Asos has reported a 15% drop in sales during the three months to 3 September despite saying it has made “progress” towards solving some endemic issues that have been dragging its results down.
CEO José Antonio Ramos Calamonte claims Asos has succeeded in reducing inventory as part of a long-term plan to shift focus from high-cost customers.
Inventory is reportedly down by around 30% year on year and order profitability is up by more than 35% it says, as a result of “targeted action to manage our least profitable customers”.
Asos has previously stated its ambition is to “optimise” marketing spend to increase customer spend, as well as highlighting where it sees opportunities to take a greater share of wallet. As part of this strategy it has committed to a reduction in promotion-based marketing. The company says this includes “reduced marketing contact and restrictions on ‘buy now, pay later’ solutions at checkout”, which it claims has had a “positive impact” on its return rate.
Adjusted gross margin was up by around 150 basis points in the second half, below previous guidance of 200 basis points, driven primarily by costs. However, that was partially offset by tactical investment in promotional activity to prioritise stock reduction in a challenging trading environment, it said.
Asos also states that in line with its aim of focusing on consumers it perceives as being higher-value, it has launched personalised marketing to improve the profitability of the overall customer base.

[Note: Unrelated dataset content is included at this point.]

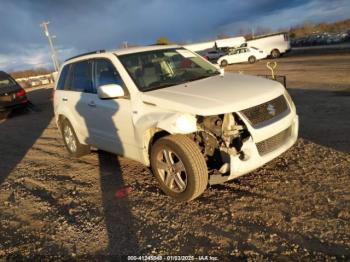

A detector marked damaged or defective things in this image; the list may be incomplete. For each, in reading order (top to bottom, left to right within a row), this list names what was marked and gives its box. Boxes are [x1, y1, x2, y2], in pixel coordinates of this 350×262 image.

crumpled hood [141, 72, 286, 115]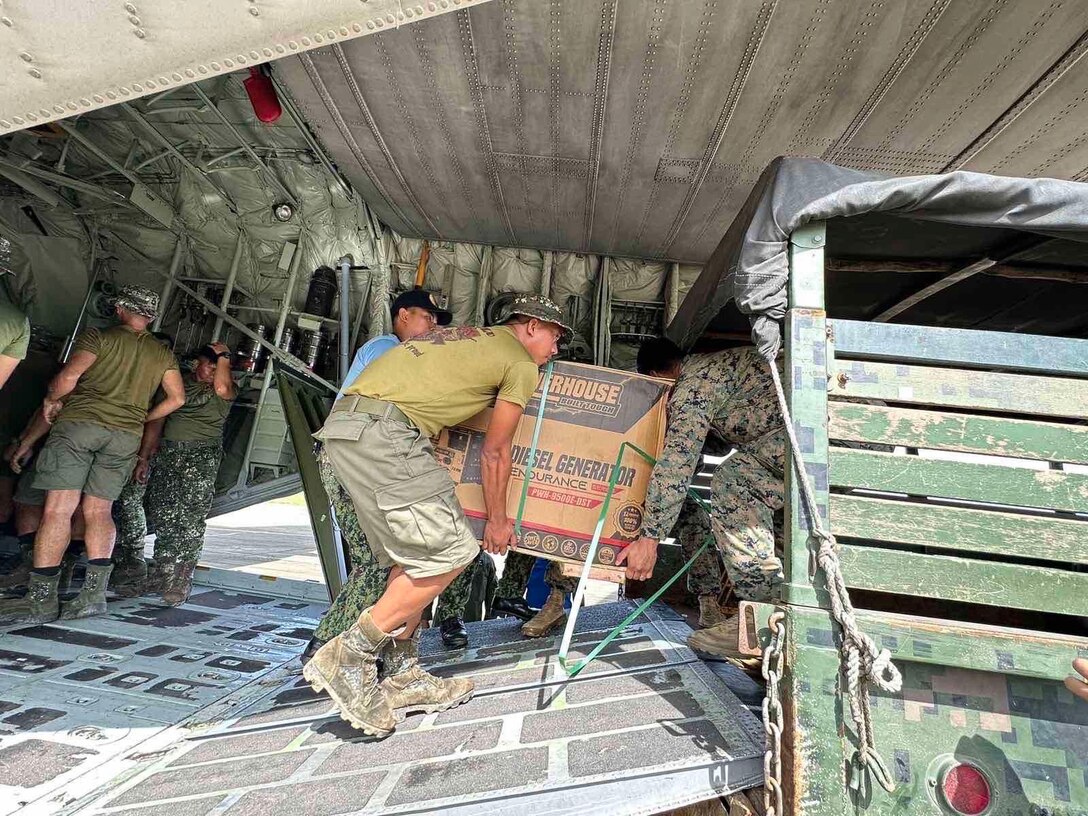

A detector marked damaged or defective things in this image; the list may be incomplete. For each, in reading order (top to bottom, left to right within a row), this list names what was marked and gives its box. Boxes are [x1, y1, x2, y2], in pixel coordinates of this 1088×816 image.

rusty metal chain [761, 613, 787, 816]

Notably, in its half-year results shared in May, the company admitted that a reduction in promotion-based marketing and an 8% year-on-year decline in overall marketing spend was expected to adversely impact sales and customer numbers. That was borne out in the latest results, in which active customer numbers currently stand at 23.3 million, down around 9% year on year.
Despite that, the latest results show the company has continued to rely on promotional marketing in the short term, stating it had engaged in “tactical investment in promotional activity to prioritise stock reduction in a challenging trading environment”.
Calamonte says: “Our new commercial model improves our profitability, requiring lower investment into discounting as well as potentially increasing basket value and customer lifetime value once fully operational.
“We have already seen these benefits on a small scale through our Test & React trials [own label clothing line turned around on a short timescale] with no promotional investment needed to sell through c.60% of each product launch in seven days across c.500 options produced to date, more than offsetting the higher cost of goods for product created under this model.”
In line with other clothing retailers, Asos is also facing the challenge of reducing its returns rate. To that end, Asos has begun introducing charges for returns made after 14 days though still within the 28-day returns window in a number of its “non-core markets” to ameliorate the issue.
As a result of the 15% drop in sales over its latest quarter, Asos says its earnings before interest and tax will sit close to the bottom end of the £40-£60m projected range for the full year. Despite that Calamonte says: “We are laying the right foundations for sustainably profitable and cash generative growth.”